=== Exercise details ===
Where the line containing "Plafonnier LED INTEC" appears in the records below, begin there and repeat each line exactly through the final one, dropping all pictures.

(Captioned web image data)
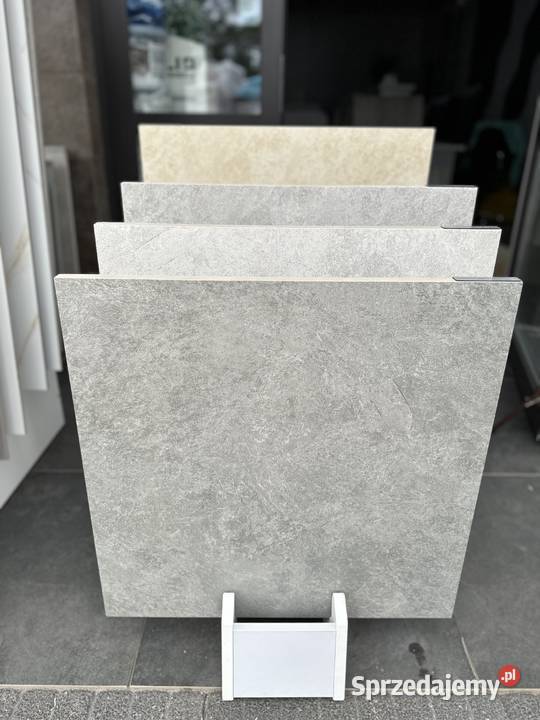 Płytka Tarasowa Valencia Grey H6012 60x60x2 GAT Opoczno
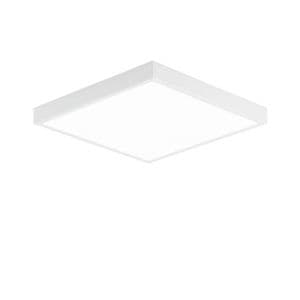 Plafonnier LED INTEC 24W Blanc DOMO - LED-DOMO-Q24-BCO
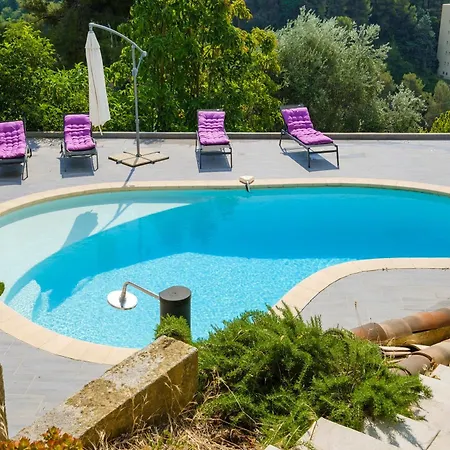 Chez Dominique Villa Nice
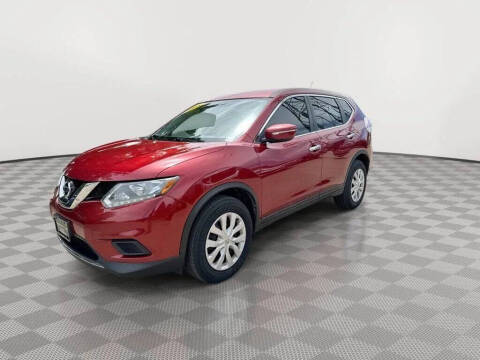 2014 Nissan Rogue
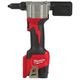 Аккумуляторный заклепочник MILWAUKEE M12 BPRT-0 Ø 2,4-4,8мм, фото , изображение 2 | SNABZHENIE.com.ua Аккумуляторный заклепочник MILWAUKEE M12 BPRT-0 Ø 2,4-4,8мм, фото , изображение 2 | SNABZHENIE.com.ua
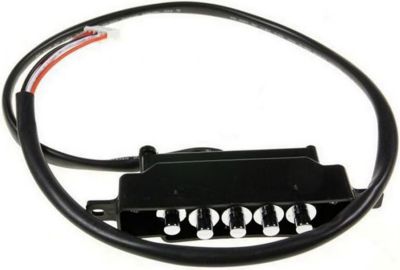 Module BRANDT CLAVIER DE COMMANDE 5 TOUCHES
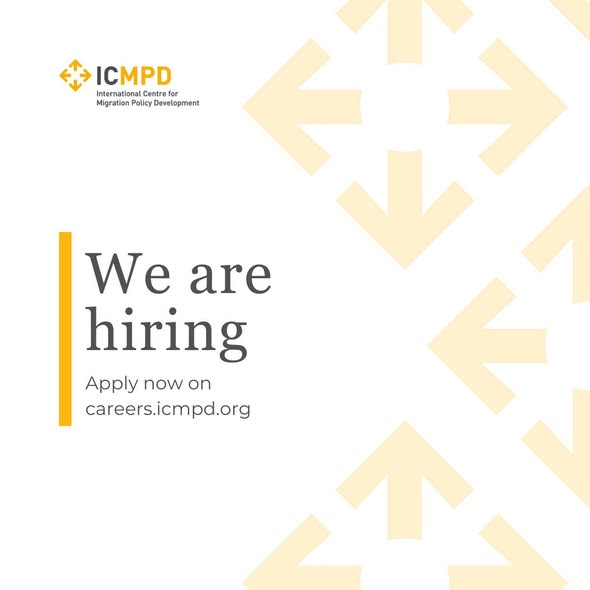 ICMPD: Opportunities in Global Migration Policy and Development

=== Task output ===
 Plafonnier LED INTEC 24W Blanc DOMO - LED-DOMO-Q24-BCO
 Chez Dominique Villa Nice
 2014 Nissan Rogue
 Аккумуляторный заклепочник MILWAUKEE M12 BPRT-0 Ø 2,4-4,8мм, фото , изображение 2 | SNABZHENIE.com.ua Аккумуляторный заклепочник MILWAUKEE M12 BPRT-0 Ø 2,4-4,8мм, фото , изображение 2 | SNABZHENIE.com.ua
 Module BRANDT CLAVIER DE COMMANDE 5 TOUCHES
 ICMPD: Opportunities in Global Migration Policy and Development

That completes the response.